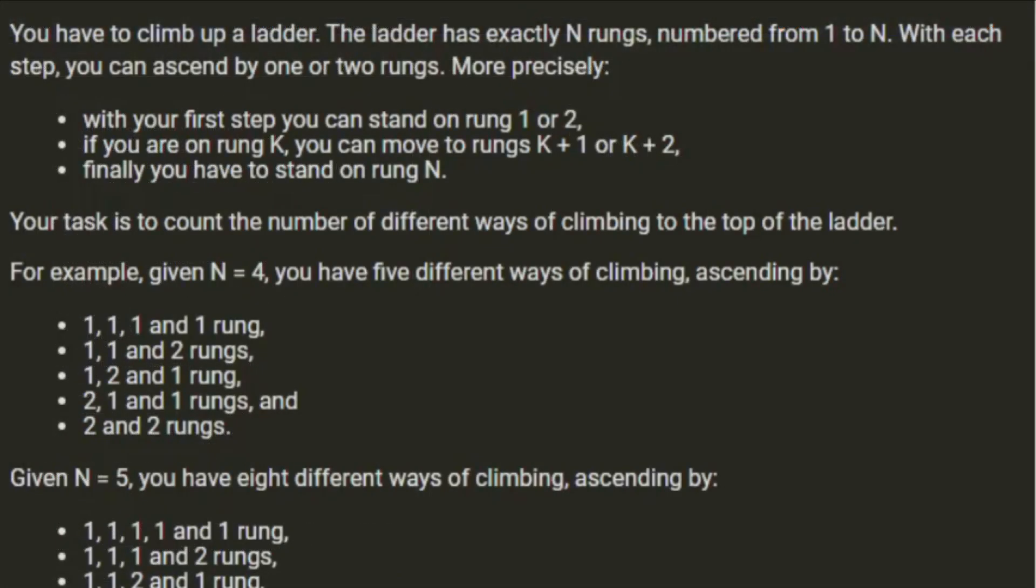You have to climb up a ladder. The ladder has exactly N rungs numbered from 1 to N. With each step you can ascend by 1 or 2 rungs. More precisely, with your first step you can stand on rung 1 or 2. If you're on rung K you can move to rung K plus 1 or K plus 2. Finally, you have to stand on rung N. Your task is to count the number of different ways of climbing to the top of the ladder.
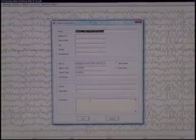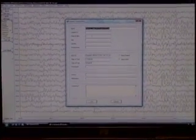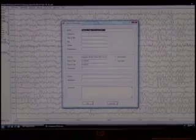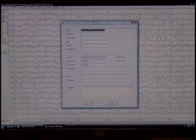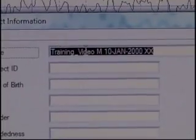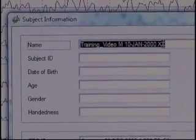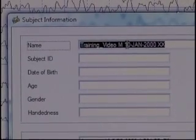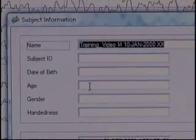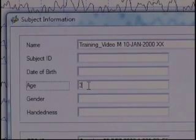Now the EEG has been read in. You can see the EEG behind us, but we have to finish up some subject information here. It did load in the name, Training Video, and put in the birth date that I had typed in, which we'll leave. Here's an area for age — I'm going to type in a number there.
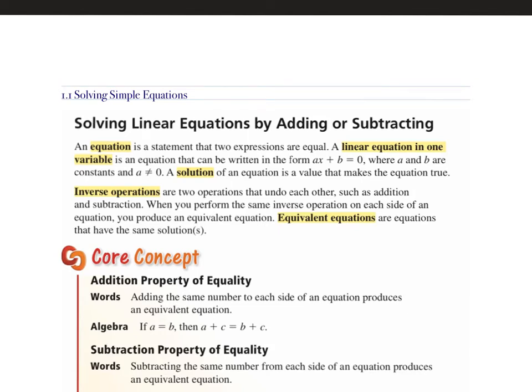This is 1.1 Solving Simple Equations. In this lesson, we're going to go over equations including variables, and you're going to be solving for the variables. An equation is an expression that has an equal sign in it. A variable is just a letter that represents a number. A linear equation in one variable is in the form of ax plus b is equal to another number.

#####

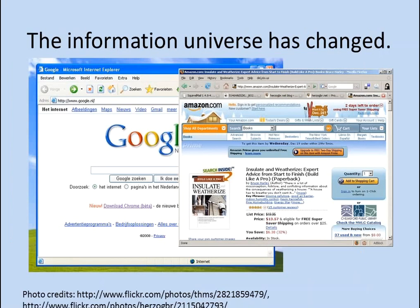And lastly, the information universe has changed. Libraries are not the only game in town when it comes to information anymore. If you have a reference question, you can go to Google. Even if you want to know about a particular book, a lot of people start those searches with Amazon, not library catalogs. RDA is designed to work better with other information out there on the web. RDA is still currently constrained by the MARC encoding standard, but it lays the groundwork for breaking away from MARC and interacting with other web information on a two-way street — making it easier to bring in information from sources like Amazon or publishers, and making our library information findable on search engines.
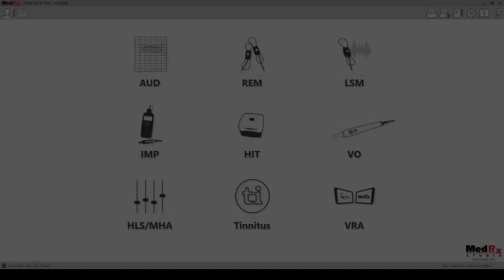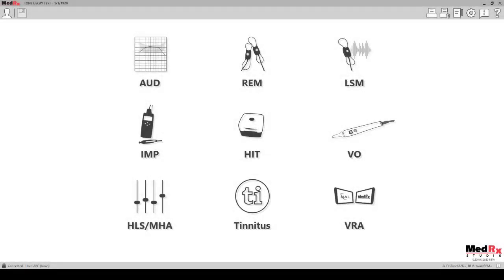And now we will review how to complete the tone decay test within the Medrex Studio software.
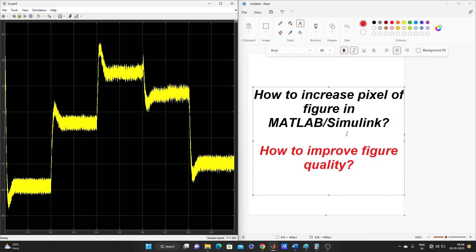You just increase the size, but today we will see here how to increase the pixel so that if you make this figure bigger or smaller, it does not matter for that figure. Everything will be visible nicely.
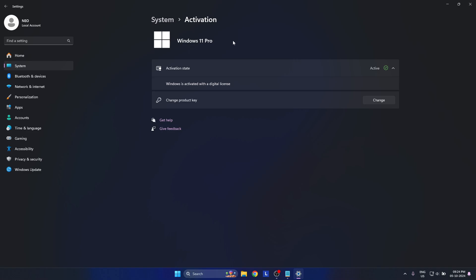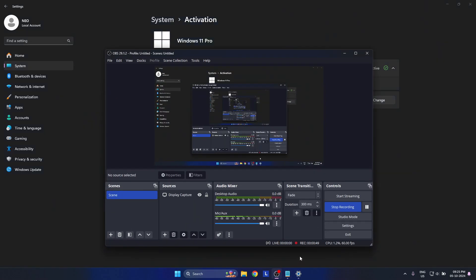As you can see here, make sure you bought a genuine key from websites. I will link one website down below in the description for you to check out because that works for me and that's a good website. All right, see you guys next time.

#####

WHAT THE TASK ASKS: In the listing above, find the line containing "You have to climb" and the line containing "Now the EEG", then print exactly those two lines and every line between them, minus the pictures.

COMPLETED EXERCISE:
You have to climb up a ladder. The ladder has exactly N rungs numbered from 1 to N. With each step you can ascend by 1 or 2 rungs. More precisely, with your first step you can stand on rung 1 or 2. If you're on rung K you can move to rung K plus 1 or K plus 2. Finally, you have to stand on rung N. Your task is to count the number of different ways of climbing to the top of the ladder.
Now the EEG has been read in. You can see the EEG behind us, but we have to finish up some subject information here. It did load in the name, Training Video, and put in the birth date that I had typed in, which we'll leave. Here's an area for age — I'm going to type in a number there.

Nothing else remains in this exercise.